Extracted data:
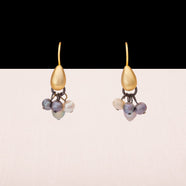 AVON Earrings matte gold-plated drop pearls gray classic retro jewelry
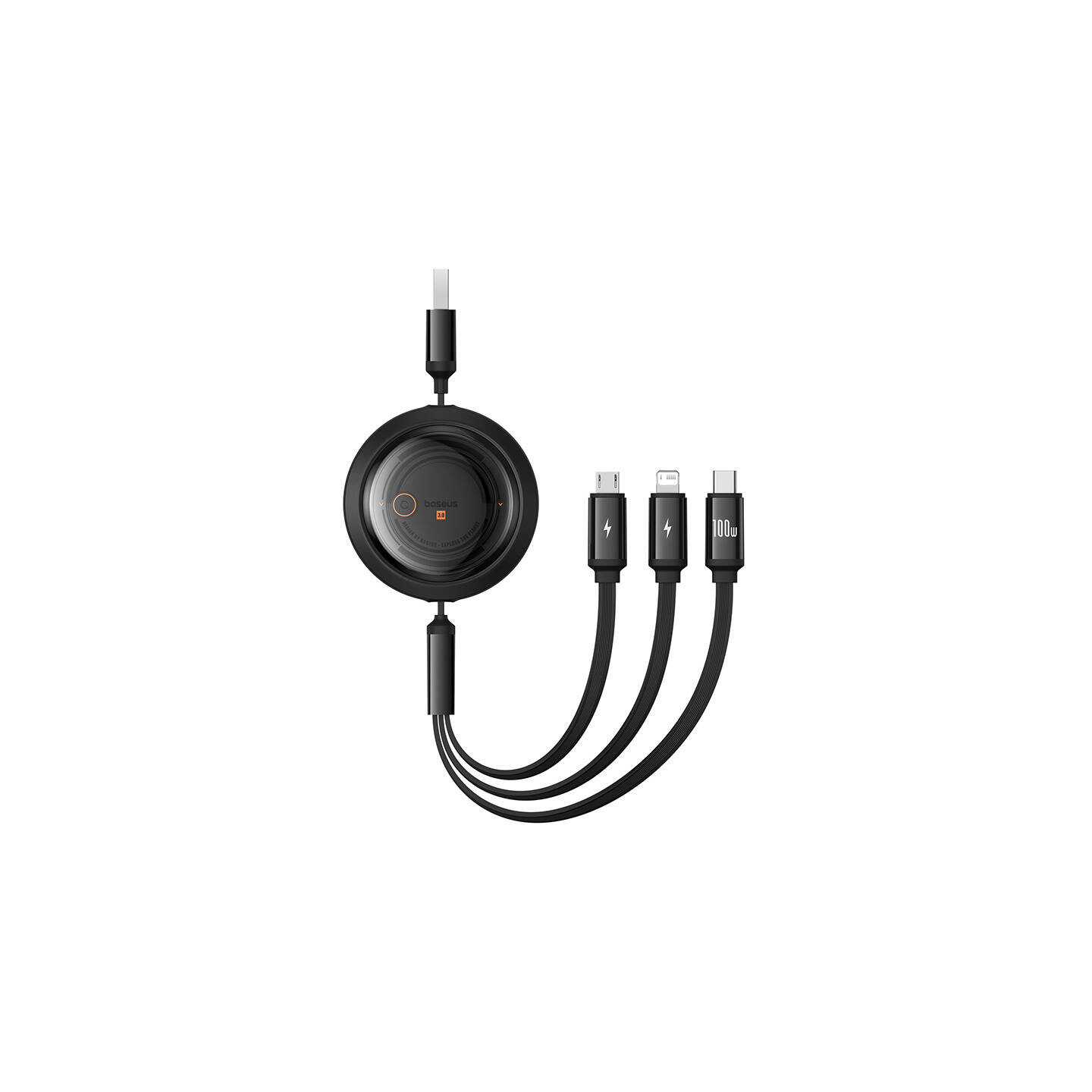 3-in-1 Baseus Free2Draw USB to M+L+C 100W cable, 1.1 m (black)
* * *
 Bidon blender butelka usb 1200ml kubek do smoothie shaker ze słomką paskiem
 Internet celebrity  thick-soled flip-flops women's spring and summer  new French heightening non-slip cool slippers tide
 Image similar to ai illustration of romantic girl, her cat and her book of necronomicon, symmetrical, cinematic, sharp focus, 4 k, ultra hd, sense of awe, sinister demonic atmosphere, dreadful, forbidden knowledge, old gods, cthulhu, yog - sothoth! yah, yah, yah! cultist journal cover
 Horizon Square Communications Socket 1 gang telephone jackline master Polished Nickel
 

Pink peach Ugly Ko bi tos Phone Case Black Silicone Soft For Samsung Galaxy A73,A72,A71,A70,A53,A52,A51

Task statement: Write back the stretch of lines above that begins with the line holding "AVON Earrings matte" and ends with the line holding "3-in-1 Baseus Free2Draw", both included, exactly as written. Pictures stay out.

Result for this exercise:
 AVON Earrings matte gold-plated drop pearls gray classic retro jewelry
 3-in-1 Baseus Free2Draw USB to M+L+C 100W cable, 1.1 m (black)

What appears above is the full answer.